Official release date for Sony Playstation 4 is November 15th 2013.
- PS4 Specs -
Single-chip custom processor
CPU: x86-64 AMD "Jaguar", 8 cores
GPU: 1.84 TFLOPS, AMD next-generation Radeon based graphics engine
Hard Disk Drive:
Optical Drive (read only):
Super-Speed USB (USB 3.0) AUX
Ethernet (10Base-T, 100BASE-TX, 1000BASE-T)
IEEE 802.11 b/g/n
Bluetooth 2.1 (EDR)
Digital Output (Optical)
Backwards Compatibility of the PS4 explained
I. Sources With Direct Sony Quotations on the Subject
II. What Do These Terms Mean?
0. BC: Backwards compatibility. The ability to run older games, essentially, when used in terms of a video game console.
1. Native support: This means that the system has the actual hardware and software of the older system, or at least something quite similar to those in the older system. The system's hardware then runs the game directly. This generally provides the best compatibility.
2. Emulation: This means mimicking the hardware and software of the older system through pure software means. In other words, the underlying hardware of the older hardware is quite different, but the new system presents an interface to the game like the older system, then translates the game's code to something the new hardware can understand.
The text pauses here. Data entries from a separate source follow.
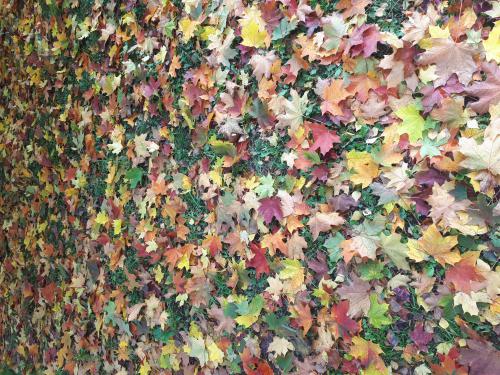 ���� �� �������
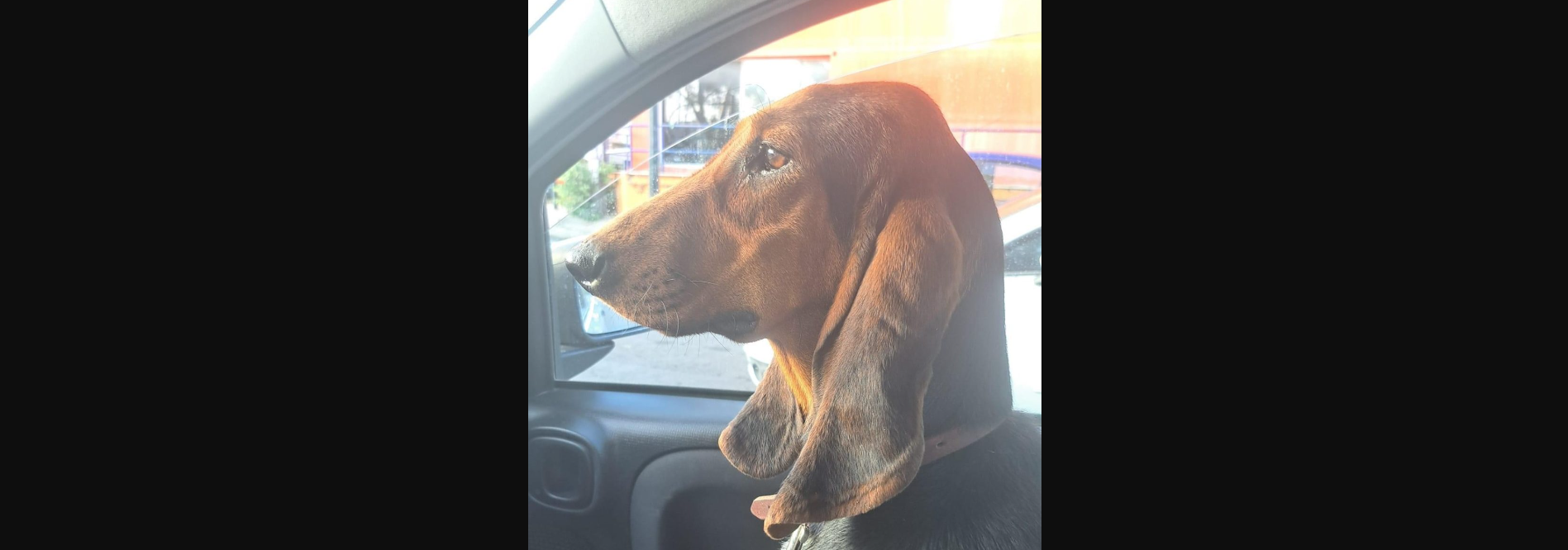 Κτηνωδία στην Κέρκυρα: Έκανε ηλεκτροσόκ σε κυνηγόσκυλο κάθε μέρα για το «εκπαιδεύσει»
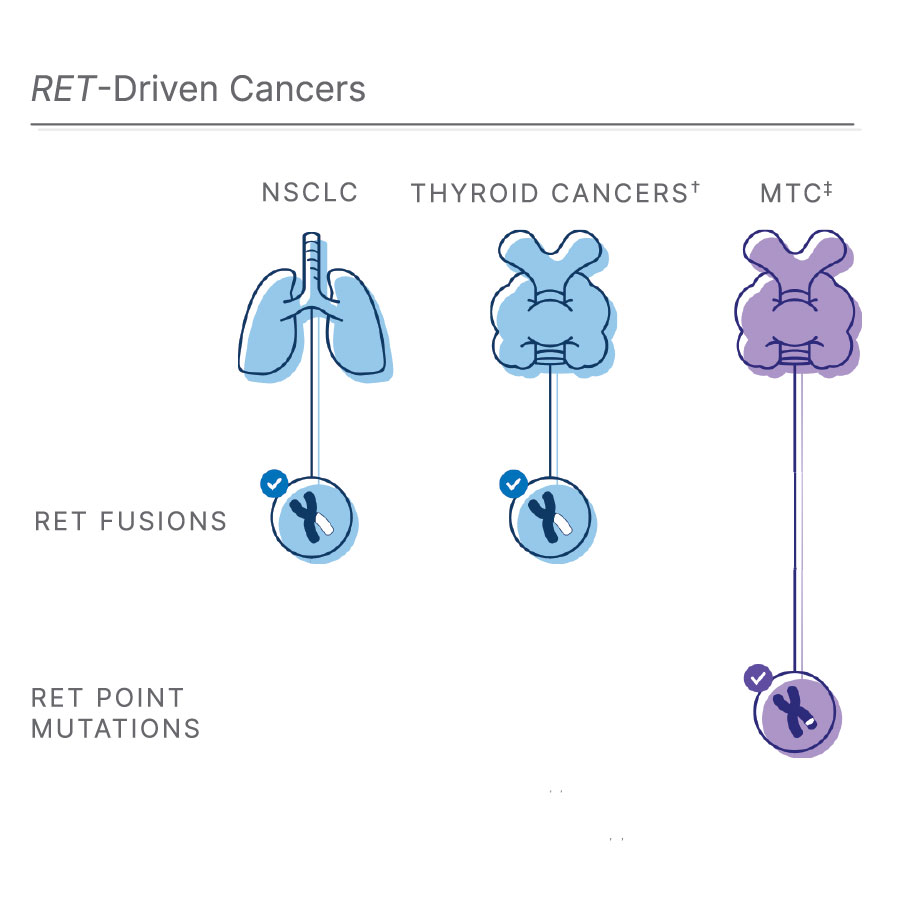 ret driven cancers nsclc thryoid cancers mtc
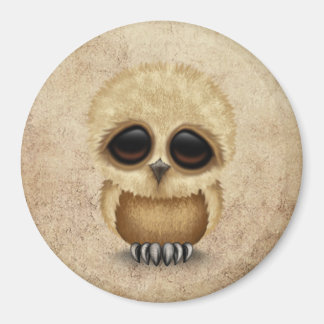 Cute Brown Baby Uggla Chic om Åldras Struktur Magnet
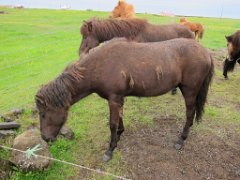 2016-06-20_-_11-57-02_-_IMG_6702_-_by_Isabelle_Canon_Powershot_S95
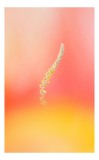 Tablou Canvas &Icirc;nlănțuirea culorilor &icirc;ntr-un dans vibrant, 26 x 39 cm, CMCLASS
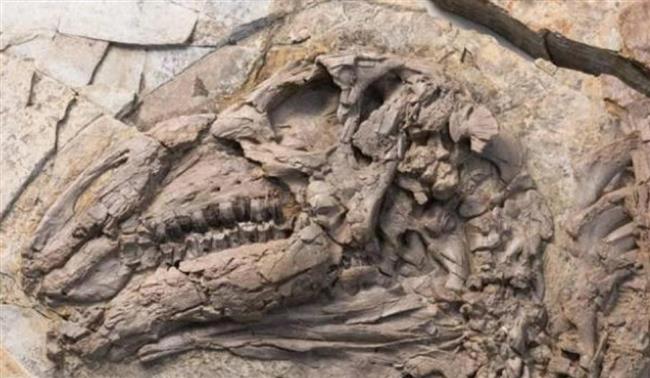 اكتشاف ديناصور بأشواك فريدة وحراشف كبيرة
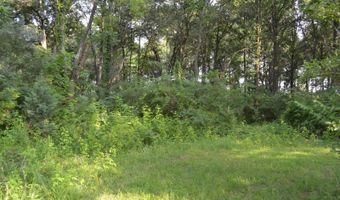 County Road 550 E, Albion, IL 62806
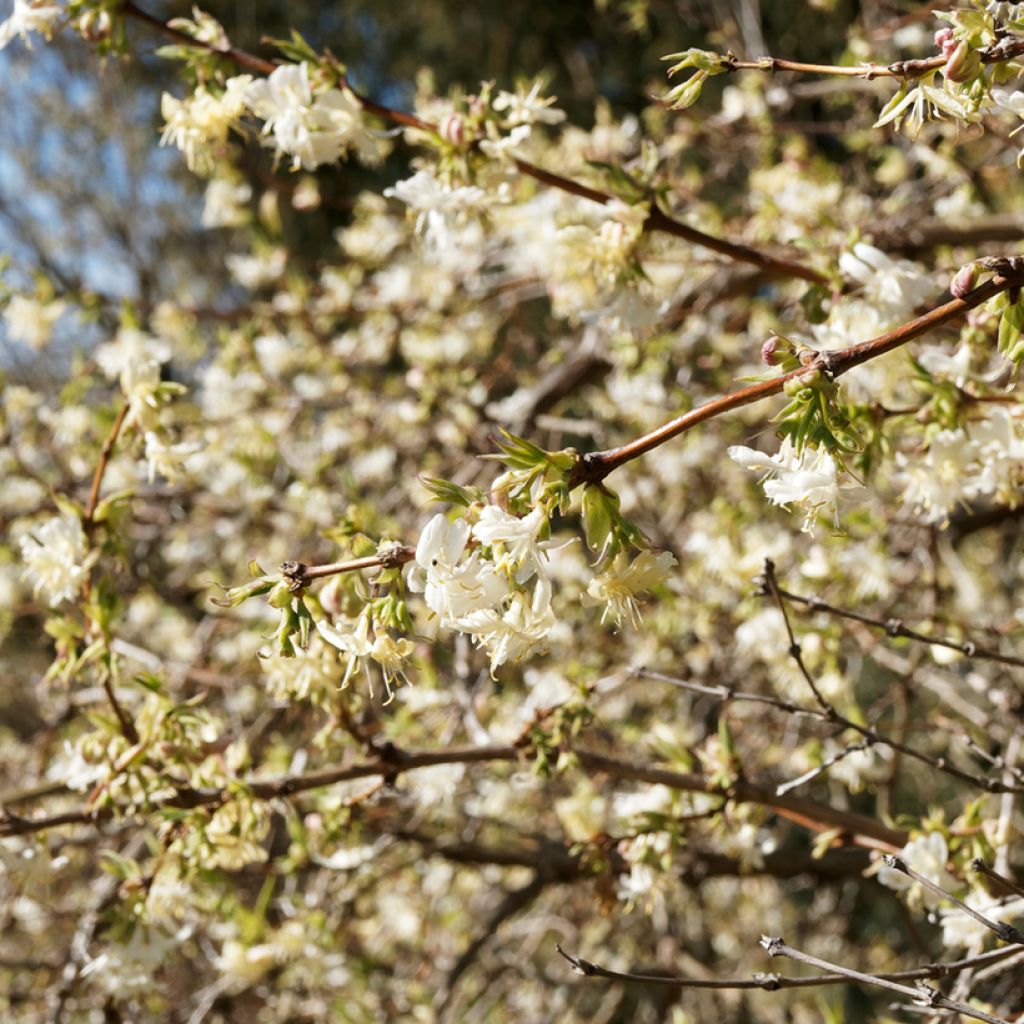 Lonicera fragrantissima - Chèvrefeuille d'hiver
This tends to be flawed in a lot of ways but can provide close to perfect compatibility.
3. Streaming: This means the user will enter his input through his new hardware. The hardware sends the input to a server. The server then runs the game with the input and game's code. The server then sends the video and audio output of the game as a stream to the user's hardware. The user's system has no ability to run the older game's code at all. Game compatibility will depend on how the server is running the game.
III. What Type of BC Is Currently in Use?
PS3 disk on PS3: native
PS3 PSN game on PS3: native
PS2 disk on PS3: none (native or partial emulation for older models)
PS2 PSN game (PS2 Classics) on PS3: emulation
PS2 HD Collections on PS3: native (these are recoded to be PS3 games, essentially)
PS1 disk on PS3: emulation
PS1 PSN game (PSOne Classics) on PS3: emulation
PS1 PSN (PSOne Classics) game on PSP: emulation
PSP PSN game on PSV: emulation
PS1 PSN (PSOne Classics) game on PSV: emulation
IV. Why Aren't All BC Native or Emulated?
Native BC requires at least similar hardware architecture and software libraries. A new system may wish to change to a new architecture because the old architecture is flawed.
In the case of PS4, Sony wanted to change to x86 because developers found the architecture of the PS3 to be too difficult to develop for and thus did not want to spend the effort, resulting in either inferior optimization and/or much of the hardware being unused.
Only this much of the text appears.